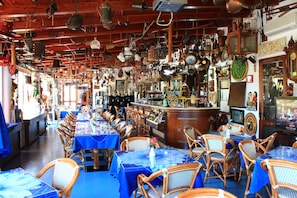 Bar (en el alojamiento)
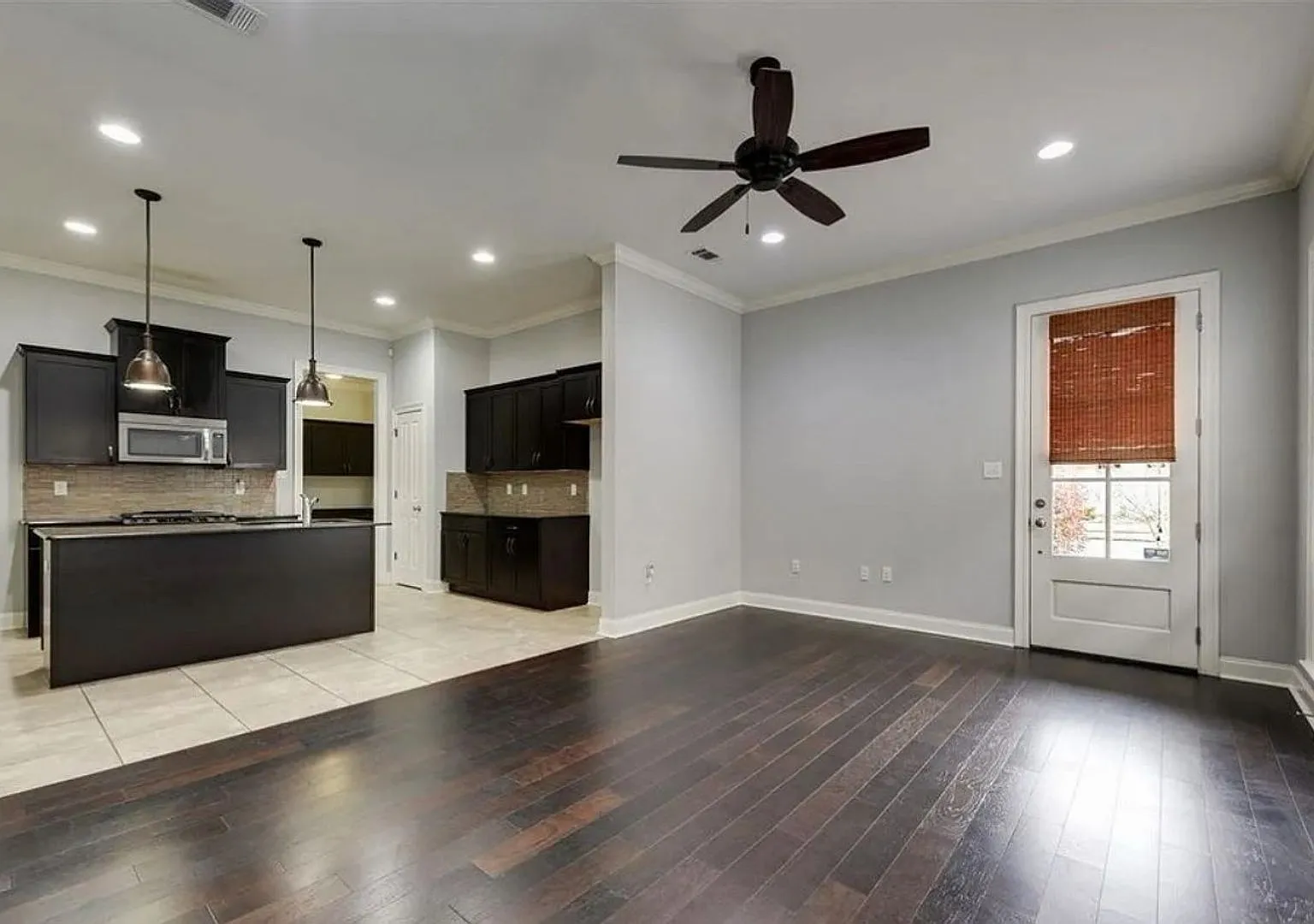 3 Bedroom House in Gated Community — Photo 2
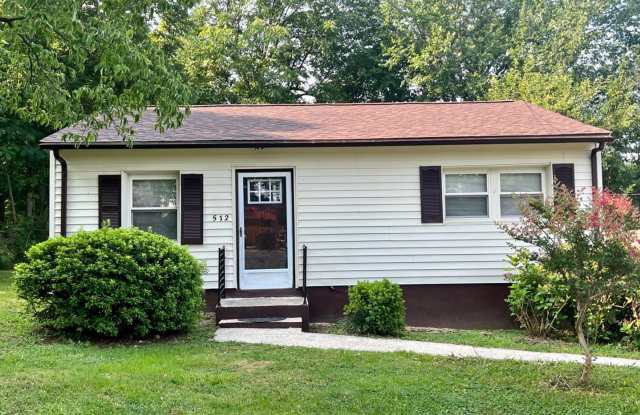 Three bedroom, 1 bath house in Burlington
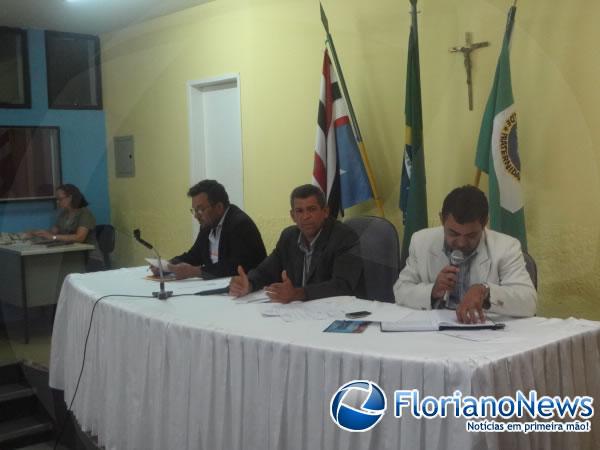 &Uacute;ltima Sess&atilde;o Ordin&aacute;ria do ano &eacute; encerrada com aprova&ccedil;&atilde;o de projeto do Executivo.(Imagem:FlorianoNews)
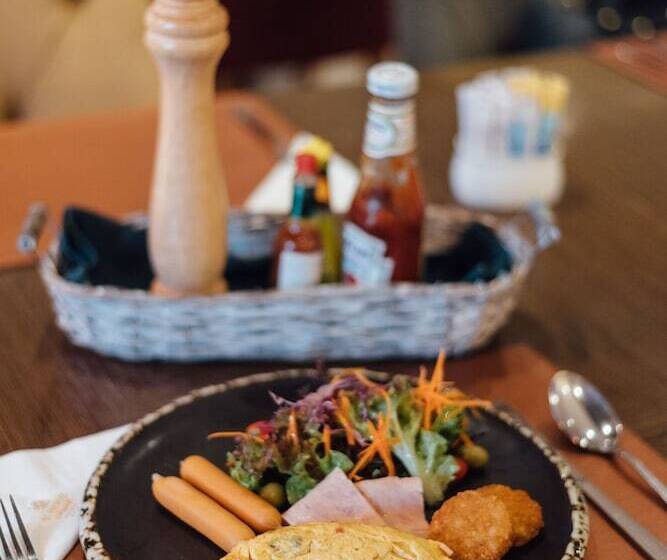 Al Meroz Hotel Bangkok The Leading Halal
○ ○ ○
> [THE PROBLEM]:
Once the line holding "projeto do Executivo.(Imagem:FlorianoNews)" is found, set it down along with every line after it through the end of the entries, exactly, leaving the pictures out.

> [RESULT OF THE EXERCISE]:
 &Uacute;ltima Sess&atilde;o Ordin&aacute;ria do ano &eacute; encerrada com aprova&ccedil;&atilde;o de projeto do Executivo.(Imagem:FlorianoNews)
 Al Meroz Hotel Bangkok The Leading Halal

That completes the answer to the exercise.